If exchange of memory sticks and other removable media are included in this physical networking layer, then the idea can be applied further to form an automated system of distributed backup and updating of knowledge and software packages.

Ideally the interface for this functionality would be a simple case of dragging and dropping resources into a venues schedule, or visa versa, dropping a venue into a resource's schedule.

In some cases there are conflicts or ambiguities such as when a resource is already booked our for the time-slot you drop it into a venue at, or there are a number of instances of a given resource available for the time-slot. In such cases a group decision is required which is another aspect of the platform specification

Notes to merge from Organic Group

The group hierarchy is always changing (hence the term "organic"), because although many of the groupings are very static like the departments and roles, some of them are constantly changing such as members of particular projects or people sharing a common interest. We use the term "ontology" instead of just "hierarchy" because this structure of groups reflects the high-level reality of the organisation at any given time.
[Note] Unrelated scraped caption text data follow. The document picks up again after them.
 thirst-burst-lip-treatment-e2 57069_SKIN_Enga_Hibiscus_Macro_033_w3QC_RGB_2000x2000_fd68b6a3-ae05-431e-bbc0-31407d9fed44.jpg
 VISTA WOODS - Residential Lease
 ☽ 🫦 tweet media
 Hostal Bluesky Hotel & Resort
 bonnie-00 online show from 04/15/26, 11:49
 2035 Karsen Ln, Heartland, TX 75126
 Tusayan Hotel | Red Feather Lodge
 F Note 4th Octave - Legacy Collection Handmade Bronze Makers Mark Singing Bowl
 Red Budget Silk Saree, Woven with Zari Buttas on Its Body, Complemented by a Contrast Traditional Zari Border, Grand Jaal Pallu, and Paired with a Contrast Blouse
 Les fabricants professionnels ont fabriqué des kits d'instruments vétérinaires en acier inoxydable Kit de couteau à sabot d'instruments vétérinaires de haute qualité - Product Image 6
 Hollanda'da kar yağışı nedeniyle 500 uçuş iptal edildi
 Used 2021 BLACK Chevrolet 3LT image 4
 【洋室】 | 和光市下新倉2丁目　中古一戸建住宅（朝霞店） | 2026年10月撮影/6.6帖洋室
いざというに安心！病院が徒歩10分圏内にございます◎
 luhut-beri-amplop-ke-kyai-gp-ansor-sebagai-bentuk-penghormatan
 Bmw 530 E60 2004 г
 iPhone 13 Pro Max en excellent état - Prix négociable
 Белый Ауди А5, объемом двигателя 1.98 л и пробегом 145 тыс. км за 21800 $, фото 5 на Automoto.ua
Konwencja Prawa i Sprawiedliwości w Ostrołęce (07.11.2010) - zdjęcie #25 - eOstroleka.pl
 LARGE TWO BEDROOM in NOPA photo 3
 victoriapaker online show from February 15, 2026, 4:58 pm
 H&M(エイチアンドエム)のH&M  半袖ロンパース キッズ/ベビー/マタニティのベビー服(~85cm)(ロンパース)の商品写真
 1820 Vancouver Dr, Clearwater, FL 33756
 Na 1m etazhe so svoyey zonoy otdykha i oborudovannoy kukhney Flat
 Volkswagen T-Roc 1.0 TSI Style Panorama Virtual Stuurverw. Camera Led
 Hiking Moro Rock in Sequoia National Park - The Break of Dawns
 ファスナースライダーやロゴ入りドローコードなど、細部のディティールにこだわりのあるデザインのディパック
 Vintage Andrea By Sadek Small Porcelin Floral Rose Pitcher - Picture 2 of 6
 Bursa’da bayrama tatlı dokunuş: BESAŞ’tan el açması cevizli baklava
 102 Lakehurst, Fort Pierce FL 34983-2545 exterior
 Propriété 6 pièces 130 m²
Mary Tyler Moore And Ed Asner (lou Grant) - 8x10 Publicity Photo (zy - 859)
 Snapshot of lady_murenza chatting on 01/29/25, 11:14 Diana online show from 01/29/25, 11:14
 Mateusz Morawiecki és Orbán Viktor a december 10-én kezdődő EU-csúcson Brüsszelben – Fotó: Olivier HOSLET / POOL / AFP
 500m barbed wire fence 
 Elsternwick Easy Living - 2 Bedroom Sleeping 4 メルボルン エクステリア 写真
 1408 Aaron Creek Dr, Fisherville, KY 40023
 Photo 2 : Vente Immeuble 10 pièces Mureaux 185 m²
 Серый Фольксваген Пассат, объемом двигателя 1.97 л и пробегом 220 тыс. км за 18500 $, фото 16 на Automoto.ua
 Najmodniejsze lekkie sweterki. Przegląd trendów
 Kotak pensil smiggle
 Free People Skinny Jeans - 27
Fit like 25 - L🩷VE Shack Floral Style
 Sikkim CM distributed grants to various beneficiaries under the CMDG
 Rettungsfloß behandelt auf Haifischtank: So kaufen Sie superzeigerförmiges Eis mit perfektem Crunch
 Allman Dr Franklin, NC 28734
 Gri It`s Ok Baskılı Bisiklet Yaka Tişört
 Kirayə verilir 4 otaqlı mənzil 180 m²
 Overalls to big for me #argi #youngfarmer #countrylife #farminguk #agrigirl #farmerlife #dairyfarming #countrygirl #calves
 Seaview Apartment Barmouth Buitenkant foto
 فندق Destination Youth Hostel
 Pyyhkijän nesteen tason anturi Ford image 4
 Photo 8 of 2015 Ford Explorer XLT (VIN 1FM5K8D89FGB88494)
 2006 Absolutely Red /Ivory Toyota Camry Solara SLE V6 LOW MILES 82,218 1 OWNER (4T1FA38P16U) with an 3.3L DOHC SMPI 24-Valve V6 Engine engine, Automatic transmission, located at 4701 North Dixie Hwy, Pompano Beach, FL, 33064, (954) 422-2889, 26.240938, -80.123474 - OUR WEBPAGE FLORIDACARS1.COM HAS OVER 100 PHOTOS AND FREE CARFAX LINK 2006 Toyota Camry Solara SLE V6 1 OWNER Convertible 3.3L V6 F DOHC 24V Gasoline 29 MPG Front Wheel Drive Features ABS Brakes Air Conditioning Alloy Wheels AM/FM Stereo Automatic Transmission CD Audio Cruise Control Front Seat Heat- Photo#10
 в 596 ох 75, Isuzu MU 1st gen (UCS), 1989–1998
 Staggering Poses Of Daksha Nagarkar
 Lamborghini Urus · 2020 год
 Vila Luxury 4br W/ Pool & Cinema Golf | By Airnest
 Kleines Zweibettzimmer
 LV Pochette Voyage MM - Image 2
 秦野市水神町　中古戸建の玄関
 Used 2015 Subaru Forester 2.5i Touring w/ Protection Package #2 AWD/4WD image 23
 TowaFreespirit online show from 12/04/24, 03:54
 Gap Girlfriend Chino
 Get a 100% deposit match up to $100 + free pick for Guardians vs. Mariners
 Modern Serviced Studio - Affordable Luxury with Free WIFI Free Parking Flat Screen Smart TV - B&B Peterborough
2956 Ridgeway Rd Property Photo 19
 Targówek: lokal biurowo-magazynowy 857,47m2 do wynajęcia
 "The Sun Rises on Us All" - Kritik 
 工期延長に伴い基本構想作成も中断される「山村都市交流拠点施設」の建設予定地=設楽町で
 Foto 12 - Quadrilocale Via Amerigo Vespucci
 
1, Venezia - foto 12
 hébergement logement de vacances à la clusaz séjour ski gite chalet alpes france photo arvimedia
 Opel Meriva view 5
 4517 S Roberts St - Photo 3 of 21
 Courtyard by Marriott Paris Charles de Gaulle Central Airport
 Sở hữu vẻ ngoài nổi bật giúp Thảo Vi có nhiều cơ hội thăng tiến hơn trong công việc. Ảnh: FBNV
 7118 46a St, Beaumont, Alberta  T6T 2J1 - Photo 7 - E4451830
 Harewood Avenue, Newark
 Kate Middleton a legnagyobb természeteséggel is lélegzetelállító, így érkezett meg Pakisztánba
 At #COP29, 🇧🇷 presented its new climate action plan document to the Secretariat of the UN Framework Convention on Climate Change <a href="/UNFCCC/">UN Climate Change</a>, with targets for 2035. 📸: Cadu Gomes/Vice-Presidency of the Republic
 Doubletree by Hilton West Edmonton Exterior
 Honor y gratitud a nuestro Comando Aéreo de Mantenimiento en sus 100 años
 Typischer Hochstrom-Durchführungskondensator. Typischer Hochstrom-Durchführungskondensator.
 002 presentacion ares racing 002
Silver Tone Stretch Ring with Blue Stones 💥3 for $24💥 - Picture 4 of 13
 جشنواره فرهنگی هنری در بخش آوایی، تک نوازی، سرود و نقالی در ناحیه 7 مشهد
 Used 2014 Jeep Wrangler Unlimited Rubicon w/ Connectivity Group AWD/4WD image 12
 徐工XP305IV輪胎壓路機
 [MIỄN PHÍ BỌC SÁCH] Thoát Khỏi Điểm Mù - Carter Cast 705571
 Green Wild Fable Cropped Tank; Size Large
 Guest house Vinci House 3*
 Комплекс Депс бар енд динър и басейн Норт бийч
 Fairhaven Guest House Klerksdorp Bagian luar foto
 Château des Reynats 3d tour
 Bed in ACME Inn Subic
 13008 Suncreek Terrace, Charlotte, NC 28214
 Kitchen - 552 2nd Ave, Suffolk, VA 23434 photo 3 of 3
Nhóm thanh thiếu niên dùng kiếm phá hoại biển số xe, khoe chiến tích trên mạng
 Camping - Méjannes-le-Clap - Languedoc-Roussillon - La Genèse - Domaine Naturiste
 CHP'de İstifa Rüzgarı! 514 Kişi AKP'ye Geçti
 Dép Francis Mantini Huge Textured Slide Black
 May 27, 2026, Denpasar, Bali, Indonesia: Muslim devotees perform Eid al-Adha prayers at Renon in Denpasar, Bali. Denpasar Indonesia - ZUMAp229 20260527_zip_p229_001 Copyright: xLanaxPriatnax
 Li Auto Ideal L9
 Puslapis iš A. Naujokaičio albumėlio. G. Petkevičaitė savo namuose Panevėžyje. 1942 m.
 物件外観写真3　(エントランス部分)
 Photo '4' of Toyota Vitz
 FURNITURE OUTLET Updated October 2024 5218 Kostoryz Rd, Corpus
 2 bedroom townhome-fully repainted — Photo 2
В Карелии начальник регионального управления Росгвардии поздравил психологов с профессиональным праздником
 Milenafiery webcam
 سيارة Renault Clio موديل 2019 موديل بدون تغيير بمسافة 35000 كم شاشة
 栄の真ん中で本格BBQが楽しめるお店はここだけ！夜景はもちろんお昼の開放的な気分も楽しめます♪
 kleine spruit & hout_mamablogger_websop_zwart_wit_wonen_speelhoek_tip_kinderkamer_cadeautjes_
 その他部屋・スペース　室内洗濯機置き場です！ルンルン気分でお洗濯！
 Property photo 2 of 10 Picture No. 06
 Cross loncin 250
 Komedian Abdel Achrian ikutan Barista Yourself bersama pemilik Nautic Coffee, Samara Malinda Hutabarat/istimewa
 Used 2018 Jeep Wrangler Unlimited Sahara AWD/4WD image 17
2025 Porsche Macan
Each group has it's own home page, or "portal" which is tailored specifically to the needs of its members, firstly by being based on a template that matches the type of group it is (such as a department or a project), and secondly because it's members can collaborate together on how their portal should look and what tools and resources should be available to them.

Some common tools used by such groups are blogs, forums, wiki pages, mailing lists, group decision-making tools (such as polls), project management tools, shared schedules, resource booking systems and online chat systems.

Group types

There should be different types of Organic Group which all work the same way, but have specific layouts and collections of tools. Such types represent the major concepts such as Organisation, Role, Project or Campaign. As well as acting as a container for tools and resources and exhibiting various members, these groups should also have their own data fields and views so that they can be searched for and accessed from various contexts.

Collaboration

The tools that are selected and the way they're laid out should be able to be published as a template option so that it's an available option for others to use. These options should be able to be searched by popularity and other properties so that people can see which portal methodologies are being most widely used in within particular contexts. Publishers should be able to includes notes about their decisions so that others can make informed decisions about their choices.

Splitting and merging

Groups should be able to divide in separate groups, or merge multiple groups into a single group, as well as be able to create sub-groups. For example if a group decision is unable to be resolved, the group could split into two, or an group representing an organisation may wish to create sub-groups representing various departments and further into projects or roles. Note that Roles are a separate concept, but roles may like to have an Organic Group for themselves as a common portal catering to their specific needs.